Asking the Right Question: RBAC vs. ABAC or RBAC AND ABAC?

|Chief Scientist
Before they can access data, users must get authenticated and authorized. In this regard, access control refers to the process of obtaining access to data. This article will discuss the most common systems that organizations deploy to manage this process: role-based access control (RBAC) and attribute-based access control (ABAC).   Many activities require digital access, and the more technology people rely on, the more entry points each will need. One of the most challenging decisions you will have to make when running a business is selecting who should have access to what—an extremely important distinction as today’s organizations manage increasingly large amounts of data.   This is why we will discuss RBAC & ABAC for data access. Now, let us dive into each of them and see which option is right for you.

In the Right Corner: RBAC

Role-based access control (RBAC) is a form of advanced access control that limits network access based on a person's role within an organization. Moreover, employees' degrees of access to the network are referred to as their RBAC roles. In this system, employees only receive access to the information they need to do their jobs efficiently. Furthermore, access to data might be restricted to specific operations, such as viewing, creating, or editing a file. For example, data analysts may be able to read data but not write or update it. As a result, if employees of specific roles do not require sensitive data to accomplish their obligations, they should not have access to it. In some cases, RBAC may be applied on fine-grained access control, such as dynamic data masking. This control can, for example, prevent users from accessing PII unless they have a certain role.  

The Advantages of RBAC

Information security necessitates managing and auditing access. With hundreds and even thousands of users, security is easier to maintain by restricting needless access to important data based on each user's known function within the company. RBAC allows companies to effectively scale access control Other benefits include:

Reducing the Administrative Work and IT Support Required

When an employee is hired or changes roles, you can use RBAC to decrease the amount of administrative work required. Instead, you may utilize RBAC to swiftly add and switch roles across operating systems, platforms, databases, and apps, and you can automatically do so universally.

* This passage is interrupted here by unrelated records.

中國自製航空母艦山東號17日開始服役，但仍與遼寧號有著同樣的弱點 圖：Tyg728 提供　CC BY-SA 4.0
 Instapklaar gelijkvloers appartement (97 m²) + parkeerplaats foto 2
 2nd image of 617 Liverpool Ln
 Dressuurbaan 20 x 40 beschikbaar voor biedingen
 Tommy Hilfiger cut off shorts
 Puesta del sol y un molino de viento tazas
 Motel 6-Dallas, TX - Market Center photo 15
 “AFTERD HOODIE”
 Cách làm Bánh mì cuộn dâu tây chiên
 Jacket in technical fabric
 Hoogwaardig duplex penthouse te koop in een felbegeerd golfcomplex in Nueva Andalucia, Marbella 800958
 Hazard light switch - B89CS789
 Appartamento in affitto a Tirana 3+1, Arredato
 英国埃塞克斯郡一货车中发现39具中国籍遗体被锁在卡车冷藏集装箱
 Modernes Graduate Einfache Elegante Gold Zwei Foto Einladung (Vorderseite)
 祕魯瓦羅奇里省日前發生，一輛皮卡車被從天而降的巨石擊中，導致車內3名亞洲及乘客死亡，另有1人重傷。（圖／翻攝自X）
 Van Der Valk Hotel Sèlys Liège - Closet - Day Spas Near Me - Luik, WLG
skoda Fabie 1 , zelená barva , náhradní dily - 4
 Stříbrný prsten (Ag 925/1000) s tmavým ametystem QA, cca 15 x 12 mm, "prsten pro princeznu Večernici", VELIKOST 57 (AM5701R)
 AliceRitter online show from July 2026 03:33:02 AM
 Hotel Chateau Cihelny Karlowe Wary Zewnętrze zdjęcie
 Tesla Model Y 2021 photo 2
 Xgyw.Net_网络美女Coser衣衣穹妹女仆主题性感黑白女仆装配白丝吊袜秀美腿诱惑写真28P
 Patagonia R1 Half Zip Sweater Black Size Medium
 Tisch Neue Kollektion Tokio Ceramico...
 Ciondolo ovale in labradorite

Improving and Ensuring Compliance

Federal, state, and local regulations apply to all organizations. Thus, companies can more easily meet statutory and regulatory standards for privacy and confidentiality by using an RBAC system because IT, data engineering, and executives can control how data is accessed and utilized in RBAC security policies.

Optimizing the Efficiency of Operations

RBAC is a simple and logical solution for managing access control. Rather than attempting to administrate lower-level access control, it allows you to align all roles with the business's organizational structure, so users can work more efficiently and autonomously.

In the Left Corner: ABAC

Attribute-based access control (ABAC) has emerged as the next-generation model for securing business-critical data access. Because of the complexities of today's IT ecosystem–think cloud apps, data platforms, mobile, IoT, and Big Data – RBAC solutions have gotten exposed, leaving enterprises susceptible on the data security front. Attribute-based access control (ABAC) grants users access based on their attributes, such as information about who they are instead of what they do. These attributes can be the business unit where the employees work or are employed, but they can also be “whether the user is currently on-shift,” what geographical region they are connecting from, and more. Furthermore, ABAC allows you to define a comprehensive, complicated access control policy more simply by looking at a user's attributes—information that is already known and often recorded in HR and other systems.  

The Advantages of ABAC

With attribute-based access control, every access decision is made through you, which means you have complete control over who has access to what at any given time. There are numerous benefits to having such autonomy:  

Better Scaling

ABAC systems are especially useful when you are trying to scale your business. Filtering various employees based on location, time, activities, and other characteristics becomes easy with ABAC because you have already put in the effort to develop your rules. Thus, ABAC is the key to safely scaling your business as long as the security policies are clear and deterministic.  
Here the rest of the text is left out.